With the referendum for Scottish independence upcoming, my question has three possible contexts of application: it could be about the position of Scottish prisoners as nationals of the United Kingdom in political elections; it could be about Scottish prisoners under independent Scottish jurisdiction; or it could concern the say of Scottish prisoners in the decision on which of those other two contexts applies after September. This last question is particularly interesting because it opens onto some deeper issues about what it means to be part of the Scottish people at this time of potential constitutional change.
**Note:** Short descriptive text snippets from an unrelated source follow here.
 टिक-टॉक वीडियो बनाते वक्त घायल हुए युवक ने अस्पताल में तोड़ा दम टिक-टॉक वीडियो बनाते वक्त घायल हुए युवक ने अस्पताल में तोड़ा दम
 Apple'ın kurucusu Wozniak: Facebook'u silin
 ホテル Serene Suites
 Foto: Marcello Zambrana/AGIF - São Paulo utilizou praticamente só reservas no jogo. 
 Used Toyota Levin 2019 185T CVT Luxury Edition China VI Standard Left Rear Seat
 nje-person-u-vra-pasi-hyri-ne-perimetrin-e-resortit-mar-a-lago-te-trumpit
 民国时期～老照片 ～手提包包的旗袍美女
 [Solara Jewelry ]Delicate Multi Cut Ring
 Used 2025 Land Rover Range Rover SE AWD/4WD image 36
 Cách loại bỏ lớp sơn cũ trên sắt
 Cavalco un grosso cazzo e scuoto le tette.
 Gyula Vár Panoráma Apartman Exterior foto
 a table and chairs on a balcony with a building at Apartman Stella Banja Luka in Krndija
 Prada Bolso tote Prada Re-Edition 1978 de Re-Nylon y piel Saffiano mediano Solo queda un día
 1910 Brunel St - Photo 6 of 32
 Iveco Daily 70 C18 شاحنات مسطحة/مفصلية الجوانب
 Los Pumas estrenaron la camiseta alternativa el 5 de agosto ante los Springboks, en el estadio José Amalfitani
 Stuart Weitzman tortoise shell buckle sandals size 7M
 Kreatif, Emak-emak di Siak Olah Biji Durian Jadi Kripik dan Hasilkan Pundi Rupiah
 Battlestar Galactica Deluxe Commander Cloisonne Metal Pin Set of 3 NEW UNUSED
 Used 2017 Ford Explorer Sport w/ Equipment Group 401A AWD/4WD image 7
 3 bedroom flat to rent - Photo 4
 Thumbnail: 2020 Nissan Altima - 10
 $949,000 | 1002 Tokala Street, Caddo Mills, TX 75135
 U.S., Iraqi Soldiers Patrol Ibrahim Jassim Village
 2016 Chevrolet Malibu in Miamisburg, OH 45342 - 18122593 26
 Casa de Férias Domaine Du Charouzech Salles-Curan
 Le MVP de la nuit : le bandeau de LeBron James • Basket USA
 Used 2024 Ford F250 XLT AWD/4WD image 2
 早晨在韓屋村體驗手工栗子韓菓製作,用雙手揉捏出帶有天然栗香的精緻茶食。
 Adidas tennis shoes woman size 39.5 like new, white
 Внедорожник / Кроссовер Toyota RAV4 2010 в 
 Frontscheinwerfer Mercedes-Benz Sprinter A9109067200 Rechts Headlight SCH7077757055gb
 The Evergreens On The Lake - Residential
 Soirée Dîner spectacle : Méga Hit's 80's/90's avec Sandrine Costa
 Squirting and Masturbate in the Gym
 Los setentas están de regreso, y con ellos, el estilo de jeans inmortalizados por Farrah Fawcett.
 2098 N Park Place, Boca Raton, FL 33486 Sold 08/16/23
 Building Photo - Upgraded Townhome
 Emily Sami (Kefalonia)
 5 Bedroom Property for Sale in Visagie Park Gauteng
I was prompted to this reflection following a recent group visit to HMP Shotts, at the invitation of prison governor Jim Kerr, to learn about the nature and conditions of prisoners’ work there. (It was an enlightening experience, as Liz Cooper has described in her blog). The topic of voting didn’t come up, but more substantial issues about prisoners’ relations to the wider society did. We were reminded of stark statistics about the sections of society that populate the prisons: about 80% of prisoners in Scotland are functionally illiterate (SPS Figures reported in BBC News, 28.12.12); prisoners, compared to the general population, are 13 times more likely to have been in care as a child, and 70% of prisoners have suffered from at least two mental disorders (from Lisa Mackenzie and Lucy Blackburn, ‘No Votes in Prison’, presentation at University of Edinburgh 2013). It is understandable why Edinburgh University’s Law School head, Lesley McAra, believes that “the Scottish criminal justice system serves to punish poverty, social marginalisation and individual vulnerability as much if not more so than serious offending” (CYP Now, 18.12.12).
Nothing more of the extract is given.